[EXERCISE INSTRUCTIONS] In this exercise, print only the lines from the line with "Moteur Servo Fanuc" to the last line of the data below, inclusive. Any pictures should be left out.

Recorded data
- - - - -

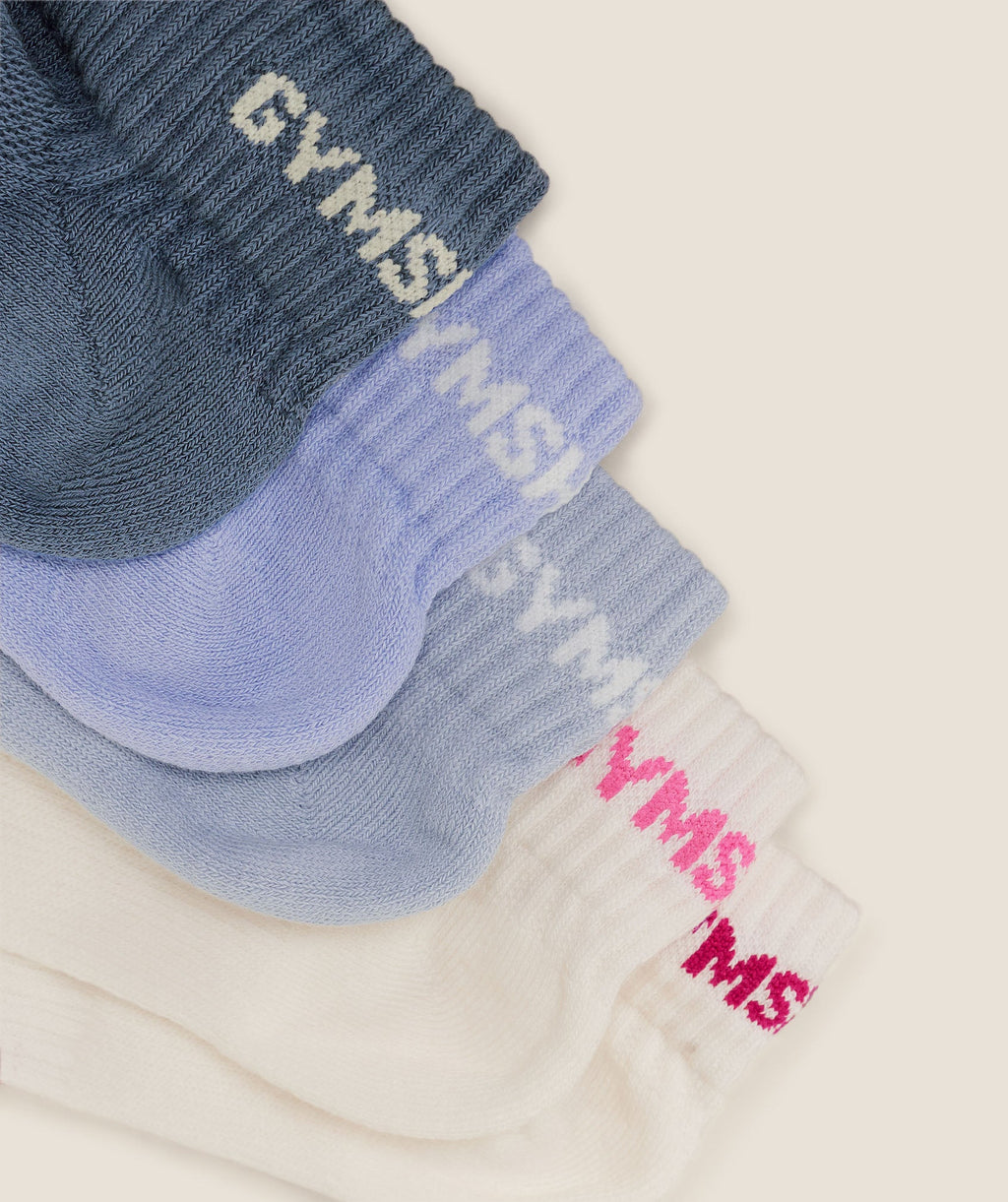gymshark-quarter-socks-5pk-socks-blue-aw25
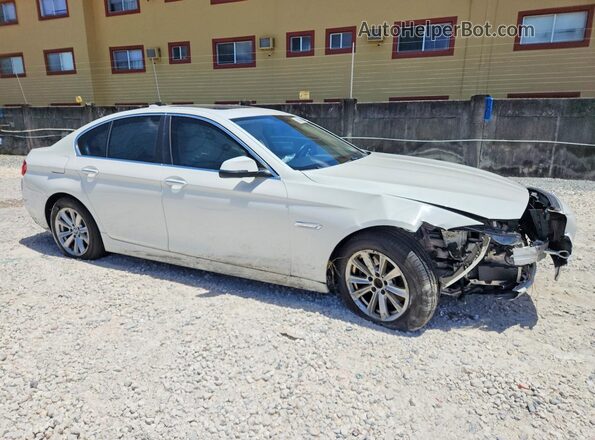 WBA5A5C55GD528737 2016 BMW 5 SERIES White Առջևի աջ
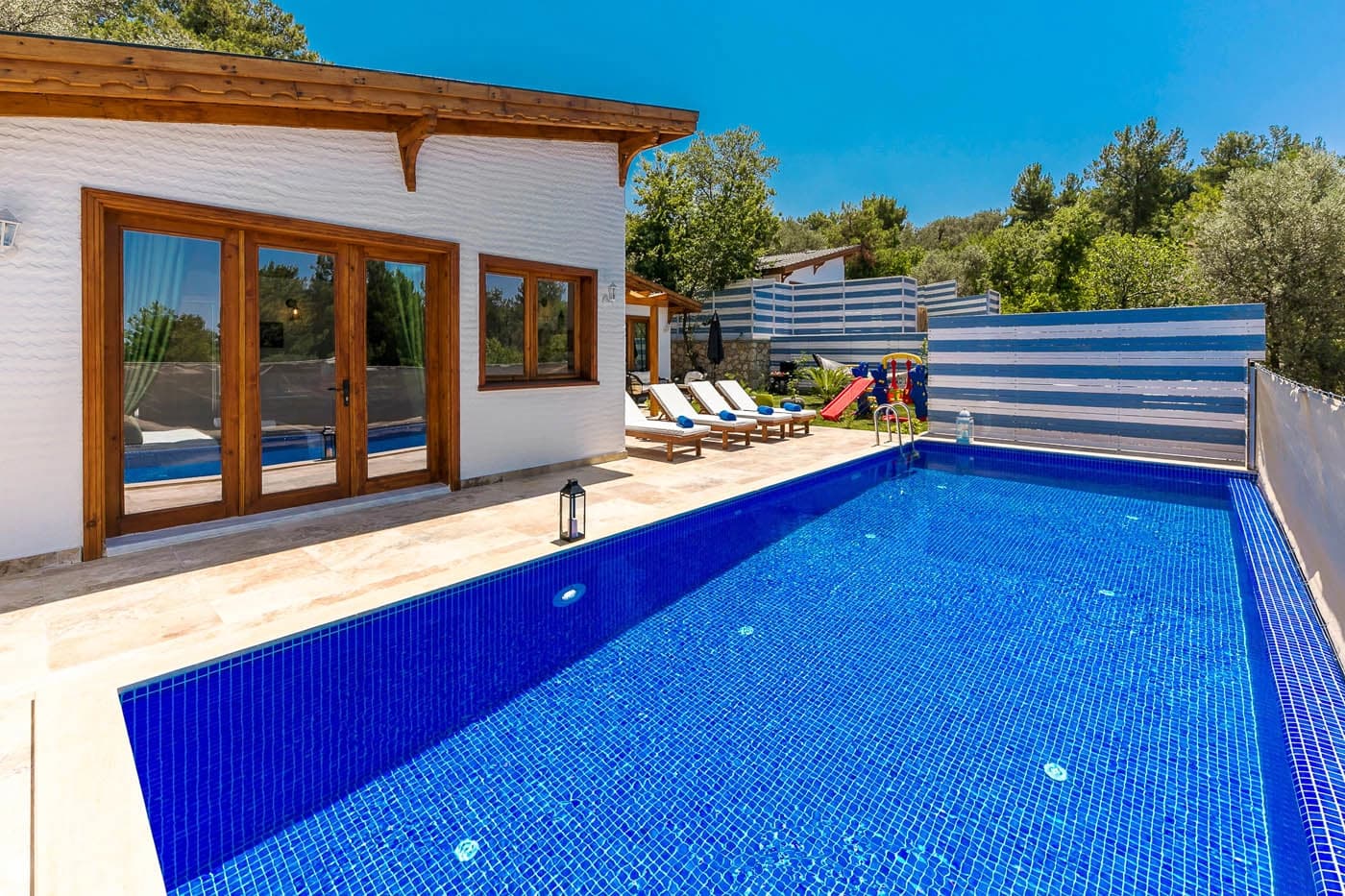 Villa Sunset 2 Korunaklı Havuz 11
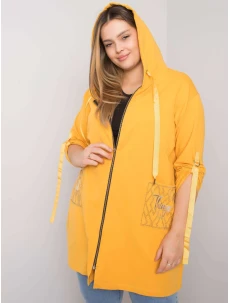 Mikina RV BL 6795.84 tmavo žltá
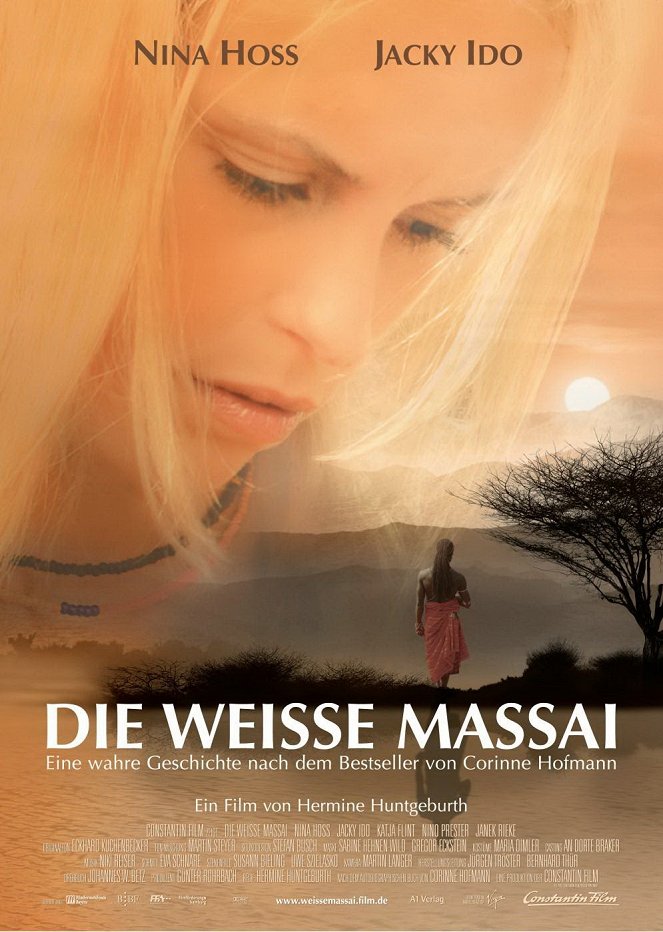 Die weisse Massai - Affiches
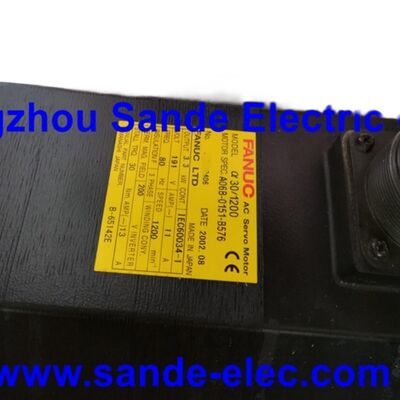 Moteur Servo Fanuc A06B-0151-B576  A06B0151B576 A06B-0151-B576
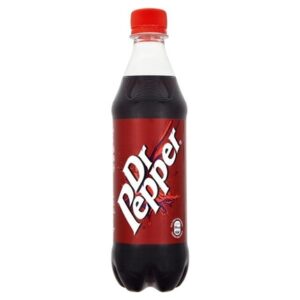 DR PEPPER SOFT DRINK 500 ML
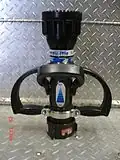 Automatic 2½″ fog nozzle
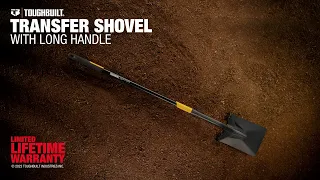 TOUGHBUILT Transfer Shovel - Long Handle _ TB-H8-1S-F20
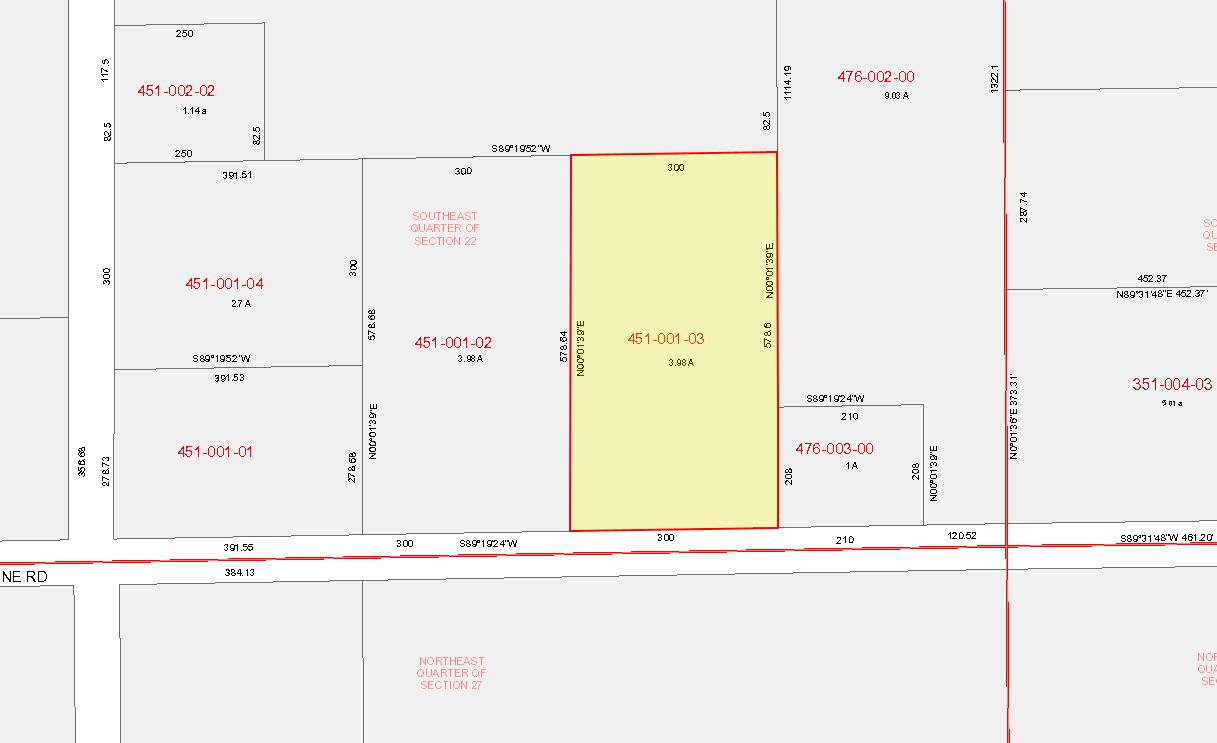 12974 Bohne Road Grass Lake, MI 49240 - Photo 6 of 7 gis2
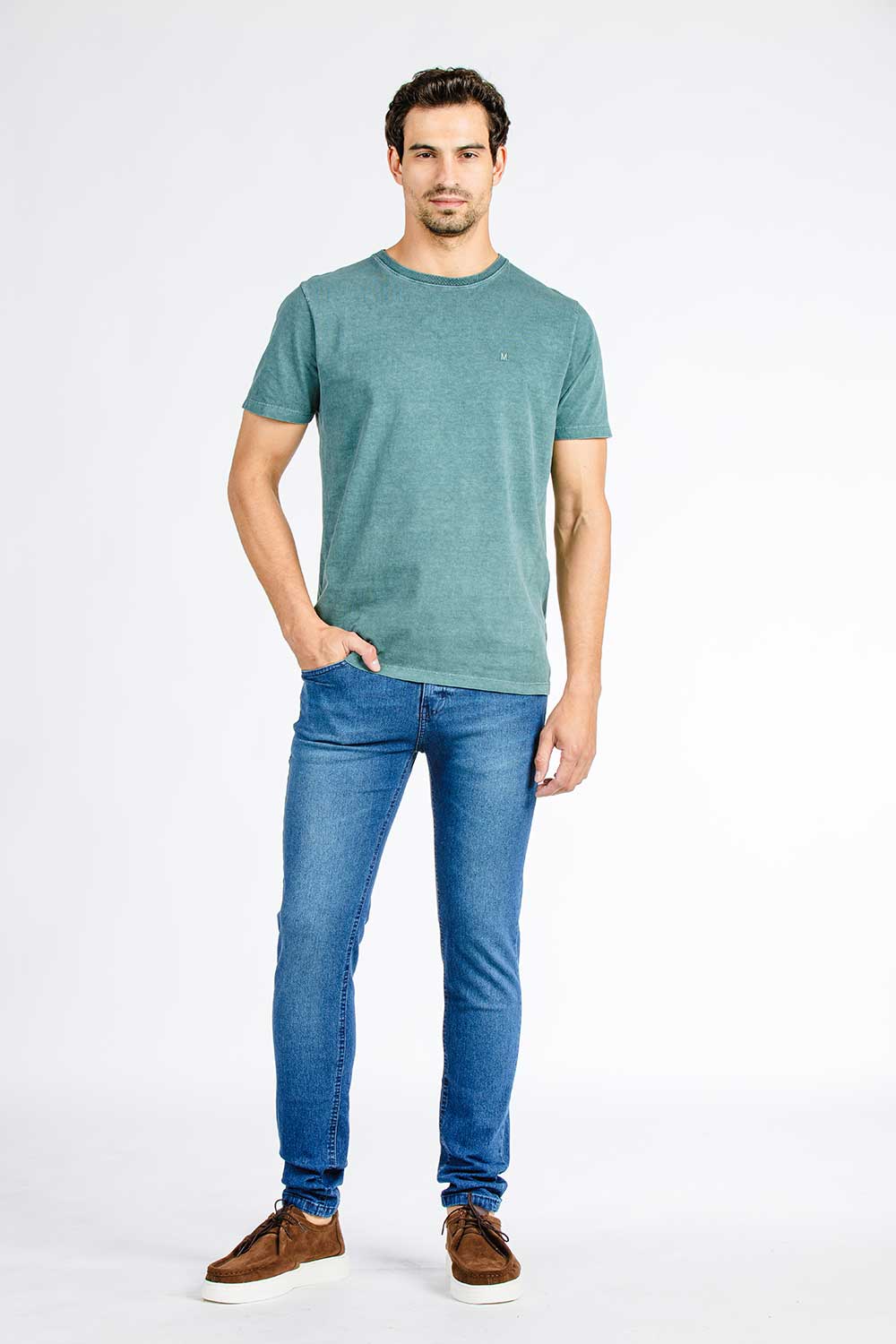 CALÇA JEANS COOL FIT DARK BLUE 93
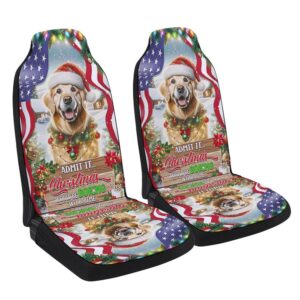 Golden Retriever Christmas Admit It Christmas Would…
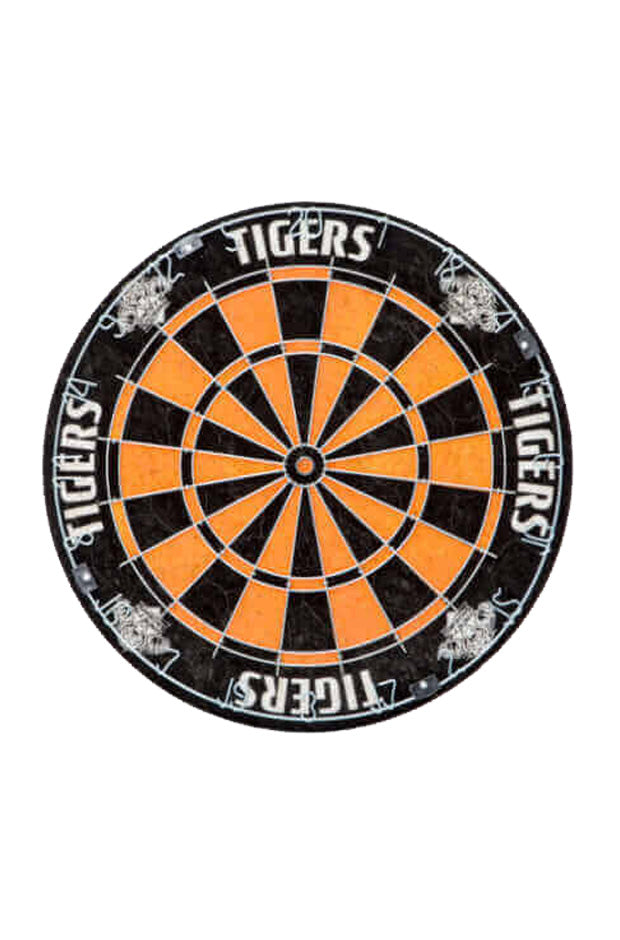 NRL DARTBOARDS_WEST TIGERS_STUBBY CLUB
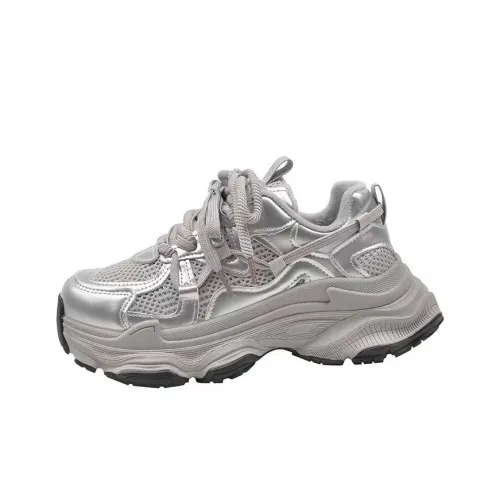 PARK DANCE MID Топ Толстая подошва Кроссовки Женские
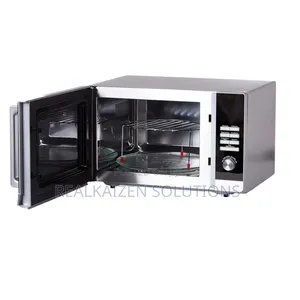 Black +Decker 30l Digital Mirror Finish Microwave With Grill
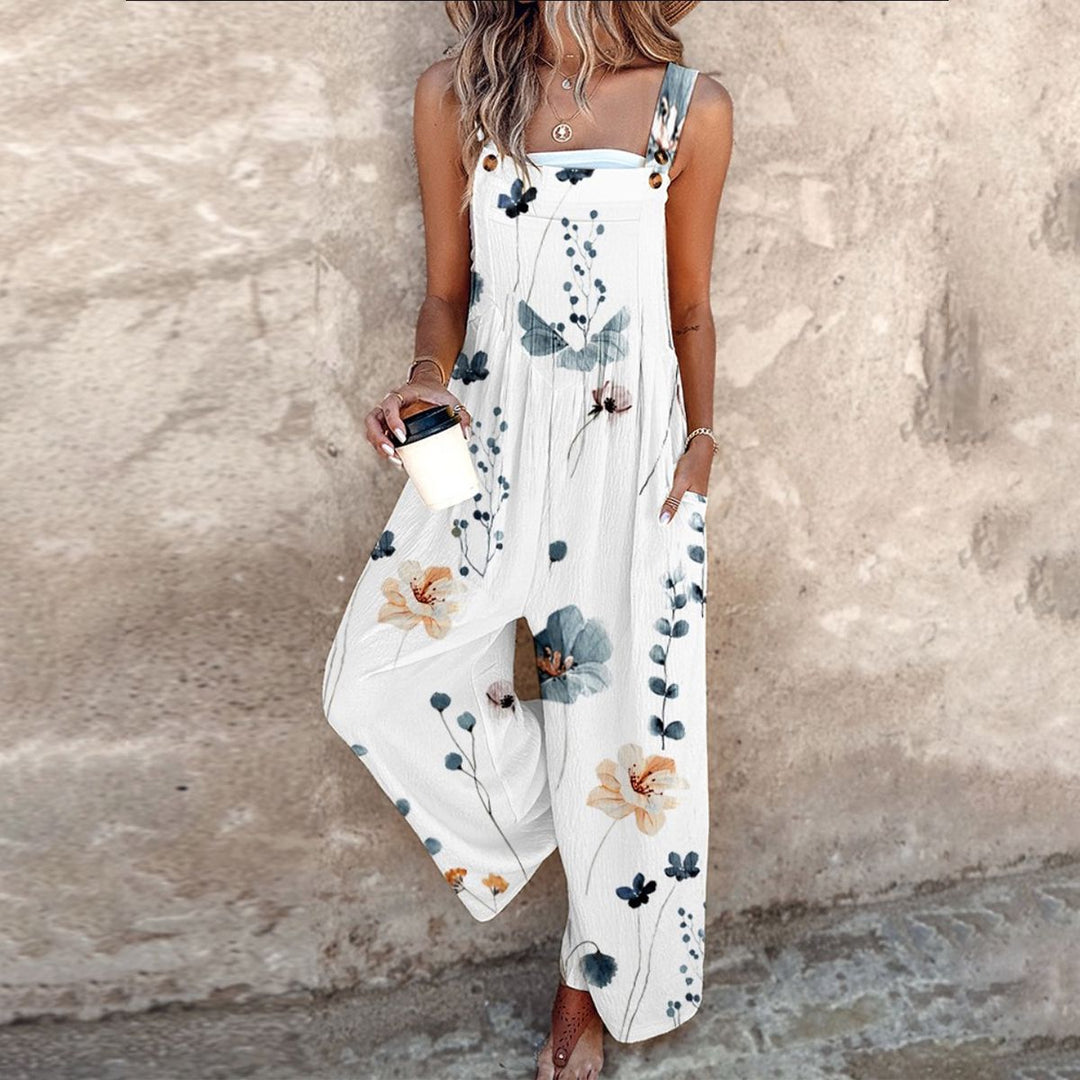 Classic Multicolour Dungarees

- - - - -

[SOLUTION TO THIS EXERCISE]
 Moteur Servo Fanuc A06B-0151-B576  A06B0151B576 A06B-0151-B576
 DR PEPPER SOFT DRINK 500 ML
 Automatic 2½″ fog nozzle
 TOUGHBUILT Transfer Shovel - Long Handle _ TB-H8-1S-F20
 12974 Bohne Road Grass Lake, MI 49240 - Photo 6 of 7 gis2
 CALÇA JEANS COOL FIT DARK BLUE 93
 Golden Retriever Christmas Admit It Christmas Would…
 NRL DARTBOARDS_WEST TIGERS_STUBBY CLUB
 PARK DANCE MID Топ Толстая подошва Кроссовки Женские
 Black +Decker 30l Digital Mirror Finish Microwave With Grill
 Classic Multicolour Dungarees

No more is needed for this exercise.